ActivityNet is featured in the 2019 Artificial Intelligence Index
ActivityNet is featured in the AI Index as the benchmark for the algorithms that can recognize human actions and activities from videos.
About
The AI Index is an independent initiative at Stanford University’s Human-Centered Artificial Intelligence Institute (HAI).
The AI Index Report tracks, collates, distills, and visualizes data relating to artificial intelligence. Its mission is to provide unbiased, rigorously-vetted data for policymakers, researchers, executives, journalists, and the general public to develop intuitions about the complex field of AI. Expanding annually, the Report endeavors to include data on AI development from communities around the globe.
Chapter 3 of the AI index tracks technical progress in computer vision (images, videos, and image+language) and natural language processing tasks. ActivityNet is featured as the benchmark for the algorithms that can recognize human actions from videos.

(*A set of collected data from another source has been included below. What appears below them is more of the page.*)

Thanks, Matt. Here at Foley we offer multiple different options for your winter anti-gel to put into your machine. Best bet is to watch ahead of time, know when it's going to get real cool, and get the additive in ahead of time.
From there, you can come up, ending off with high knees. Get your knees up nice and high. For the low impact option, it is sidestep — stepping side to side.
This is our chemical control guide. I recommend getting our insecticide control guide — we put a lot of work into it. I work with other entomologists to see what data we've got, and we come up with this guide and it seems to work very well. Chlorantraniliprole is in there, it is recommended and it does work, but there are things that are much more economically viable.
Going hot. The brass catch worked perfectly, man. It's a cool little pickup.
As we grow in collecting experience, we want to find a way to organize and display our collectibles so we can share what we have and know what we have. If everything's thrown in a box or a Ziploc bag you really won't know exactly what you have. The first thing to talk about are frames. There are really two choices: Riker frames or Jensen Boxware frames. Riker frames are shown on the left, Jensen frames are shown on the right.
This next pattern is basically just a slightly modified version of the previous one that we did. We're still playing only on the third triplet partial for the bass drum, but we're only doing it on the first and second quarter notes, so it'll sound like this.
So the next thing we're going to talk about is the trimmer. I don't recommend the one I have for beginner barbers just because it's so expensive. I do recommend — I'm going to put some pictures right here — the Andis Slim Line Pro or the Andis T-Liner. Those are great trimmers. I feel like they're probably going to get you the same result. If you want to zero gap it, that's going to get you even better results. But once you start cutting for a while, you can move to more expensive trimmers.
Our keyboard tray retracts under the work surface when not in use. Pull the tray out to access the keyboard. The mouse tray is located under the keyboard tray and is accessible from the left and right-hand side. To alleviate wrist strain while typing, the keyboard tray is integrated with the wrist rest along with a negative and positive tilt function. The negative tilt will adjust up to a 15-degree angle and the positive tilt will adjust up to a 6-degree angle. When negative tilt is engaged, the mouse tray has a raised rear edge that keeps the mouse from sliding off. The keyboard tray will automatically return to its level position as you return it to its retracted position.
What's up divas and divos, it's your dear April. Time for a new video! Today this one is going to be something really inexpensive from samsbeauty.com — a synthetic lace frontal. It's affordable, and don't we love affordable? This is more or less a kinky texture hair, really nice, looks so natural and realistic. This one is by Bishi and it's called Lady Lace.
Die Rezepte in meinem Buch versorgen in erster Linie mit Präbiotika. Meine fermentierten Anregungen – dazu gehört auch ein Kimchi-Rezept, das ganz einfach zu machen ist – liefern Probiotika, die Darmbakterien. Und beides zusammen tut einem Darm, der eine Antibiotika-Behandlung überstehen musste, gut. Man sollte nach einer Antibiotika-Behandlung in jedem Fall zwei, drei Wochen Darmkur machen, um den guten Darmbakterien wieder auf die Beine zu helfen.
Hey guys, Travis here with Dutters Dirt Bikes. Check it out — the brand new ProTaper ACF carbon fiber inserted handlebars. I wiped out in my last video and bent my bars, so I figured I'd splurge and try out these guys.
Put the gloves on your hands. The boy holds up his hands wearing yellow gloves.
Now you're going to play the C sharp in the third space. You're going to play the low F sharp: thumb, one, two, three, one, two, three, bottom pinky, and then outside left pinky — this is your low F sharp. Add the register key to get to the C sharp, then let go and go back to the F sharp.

Our benchmark aims at covering a wide range of complex human activities that are of interest to people in their daily living. We illustrate three scenarios in which ActivityNet can be used to compare algorithms for human activity understanding: global video classification,trimmed activity classification and activity detection.
The emergence of large-scale datasets such as ActivityNet and Kinetics has equipped computer vision researchers with valuable data and benchmarks to train and develop innovative algorithms that push the limits of automatic activity understanding. These algorithms can now accurately recognize hundreds of complex human activities such as bowling or sailing, and they do so in real-time. However, after organizing the International Activity Recognition Challenge (ActivityNet) for the last four years, we observe that more research is needed to develop methods that can reliably discriminate activities, which involve fine-grained motions and/or subtle patterns in motion cues, objects, and human-object interactions. Looking forward, we foresee the next generation of algorithms to be one that accentuates learning without the need for excessively large manually curated data. In this scenario, benchmarks and competitions will remain a cornerstone to track progress in this self-learning domain.
-- Bernard Ghanem, Associate Professor of Electrical Engineering (IVUL)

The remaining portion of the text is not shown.